Le Lega, con una nota, ha auspicato “che Ilaria venga assolta rapidamente da tutte le accuse, a differenza di quanto è avvenuto in altra vicenda chiusasi con sentenza di condanna confermata in Cassazione il 3 luglio 2023“. Come viene spiegato nella sentenza di Cassazione, Salis e un’altra ragazza che aveva partecipato agli eventi del novembre 2014, erano state ritenute responsabili dalla Corte d’appello per “concorso morale nel reato di resistenza a pubblico ufficiale aggravata” per le barricate di via Ravenna. Le due avevano opposto ricorso, che secondo la Cassazione era inammissibile, perché “avevano intonato cori ostili, posizionato per la strada sacchi di spazzatura e bidoni, insultato i poliziotti, lanciato al loro indirizzo l’immondizia con frasi oltraggiose (‘mangiate’ o ‘giusto nella monnezza potete stare’) così rafforzando il proposito criminoso degli autori materiali della resistenza e apportando un proprio personale e significativo contributo“.

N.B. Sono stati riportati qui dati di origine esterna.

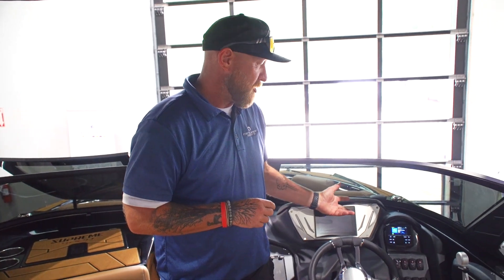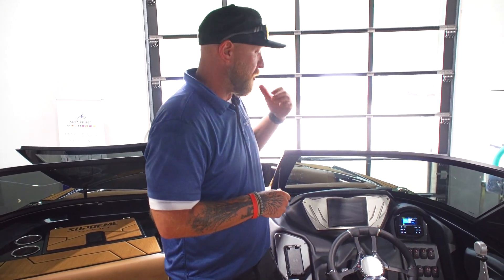Some of the cool features about the Roswell Digital Media Center is you keep your three zones but you also add another, so you have four zones you can use. You can have a zone for the bow, the cockpit, your tower, and you can also have a zone for your subs. So you can really personalize and kind of make the audio sound the way you want it to sound for that day.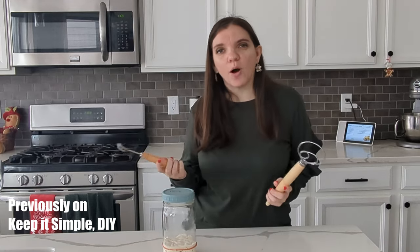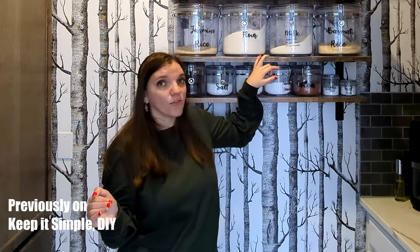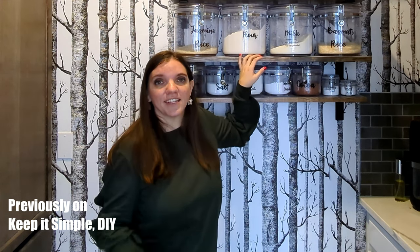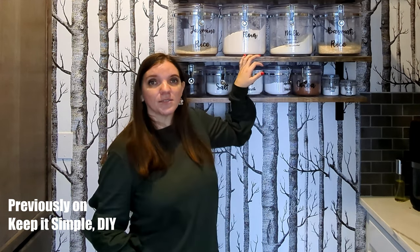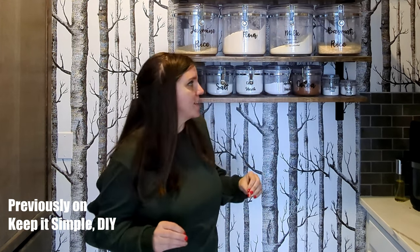I've grabbed out a few tools. I'm going to talk about all the tools that you need and all the tools that you also don't need. So if you're stressing over the type of flour to get and how expensive it could possibly be, don't. Just get whatever flour you usually have in your house — that'll work just fine.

Ma non solo, perché i giudici sottolineano come a queste condotte, ne erano seguite anche altre, “con la realizzazione di diverse barricate che, via via, venivano costituite, proprio con l’avanzare delle forze dell’ordine, ed in cui i manifestanti lanciavano oggetti vari verso gli operanti e davano fuoco a spazzatura e cassonetti“. Alla luce di queste contestazioni, spiega la Cassazione, “è di tutta evidenza che il comportamento tenuto da Salis e Vita, a prescindere dall’individuazione della specifica barricata a cui avevano partecipato e dai singoli fotogrammi menzionati dai giudici di merito, è stato correttamente qualificato come concorso morale rispetto alla violenza e resistenza attiva“. La Corte di Cassazione, in quell’occasione, ha condannato Salis e gli altri al pagamento delle spese processuali e di una somma pari a 3mila euro.